KÜÇÜK BİR ÇOCUĞUN UMUDU


Küçük çocuk deniz kenarında gördüğü yassı bir taşın güzelliğine hayran olmuştu. Mutlaka bir mücevherdi bulduğu. Biçimi de bir insan kalbine benziyordu. Üstelik pırıl pırıl da parlamaktaydı.

Çocuk; taşı avuçlayıp evine koştu. Ve onu büyük bir heyecanla babasına uzattı.
Adam yavrusunun soğuktan morarmış avucundaki taşın birbirine sürtüldüğünde kıvılcım çıkartan bir çakmak taşı olduğunu hemen anladı. Fakat bunu ona söyleyemedi.
Küçük çocuk düşlerini süsleyen bisiklete kavuşmak için elindeki taşı satmak istiyor ve o paranın bir bölümüyle bir de top alabileceğine inanıyordu. Fakat babası buna yanaşmıyordu.

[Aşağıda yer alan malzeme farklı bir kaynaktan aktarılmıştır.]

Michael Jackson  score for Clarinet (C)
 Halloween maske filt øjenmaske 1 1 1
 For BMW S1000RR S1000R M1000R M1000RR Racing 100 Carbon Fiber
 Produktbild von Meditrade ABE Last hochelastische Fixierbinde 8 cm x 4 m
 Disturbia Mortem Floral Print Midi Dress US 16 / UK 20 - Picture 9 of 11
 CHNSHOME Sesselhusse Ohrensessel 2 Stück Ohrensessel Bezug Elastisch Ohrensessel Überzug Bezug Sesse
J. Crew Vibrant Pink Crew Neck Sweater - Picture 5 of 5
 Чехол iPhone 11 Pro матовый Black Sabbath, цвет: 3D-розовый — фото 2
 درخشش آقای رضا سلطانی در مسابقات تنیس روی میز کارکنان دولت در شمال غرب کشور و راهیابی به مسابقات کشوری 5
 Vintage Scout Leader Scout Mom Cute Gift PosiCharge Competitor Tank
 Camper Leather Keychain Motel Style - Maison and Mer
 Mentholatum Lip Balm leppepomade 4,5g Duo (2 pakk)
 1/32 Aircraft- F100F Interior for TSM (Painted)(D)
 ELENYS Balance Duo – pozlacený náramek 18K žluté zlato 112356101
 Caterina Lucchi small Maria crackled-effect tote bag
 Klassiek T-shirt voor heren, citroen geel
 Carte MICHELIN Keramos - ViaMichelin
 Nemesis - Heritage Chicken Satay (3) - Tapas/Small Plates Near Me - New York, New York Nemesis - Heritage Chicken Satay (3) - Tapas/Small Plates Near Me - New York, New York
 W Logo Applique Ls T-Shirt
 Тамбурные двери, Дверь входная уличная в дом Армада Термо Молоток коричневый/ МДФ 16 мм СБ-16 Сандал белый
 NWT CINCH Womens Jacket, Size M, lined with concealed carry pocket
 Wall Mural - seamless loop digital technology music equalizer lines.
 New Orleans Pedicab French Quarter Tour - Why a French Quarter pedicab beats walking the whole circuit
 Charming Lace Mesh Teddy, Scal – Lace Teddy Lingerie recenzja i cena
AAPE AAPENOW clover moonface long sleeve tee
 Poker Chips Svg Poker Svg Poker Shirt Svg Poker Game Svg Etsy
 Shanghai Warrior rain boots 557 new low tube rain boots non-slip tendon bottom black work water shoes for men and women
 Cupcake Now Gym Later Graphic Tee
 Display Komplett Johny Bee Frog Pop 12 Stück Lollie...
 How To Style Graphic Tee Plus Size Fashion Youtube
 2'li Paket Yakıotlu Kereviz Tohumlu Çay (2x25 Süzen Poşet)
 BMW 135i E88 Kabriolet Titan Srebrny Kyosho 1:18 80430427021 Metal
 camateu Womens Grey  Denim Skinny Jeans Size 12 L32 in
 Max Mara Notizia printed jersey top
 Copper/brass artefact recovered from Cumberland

Çocuk işin kendisine düştüğünü anladığında tatilde simit sattığı çarşıya gitti. Kuyumcu vitrinleri göz kamaştıran ışıkların aydınlattığı altın kolyelerle doluydu. Bir de elindeki taşın çok küçükleriyle süslenen yüzüklerle.
Çocuk en gösterişli mağazayı gözüne kestirdikten sonra bir süre vitrinin önünde bekledi. İçeride dükkan sahibi olduğu anlaşılan bir adam vardı. Müşteri olarak da kürk mantolu bir hanım.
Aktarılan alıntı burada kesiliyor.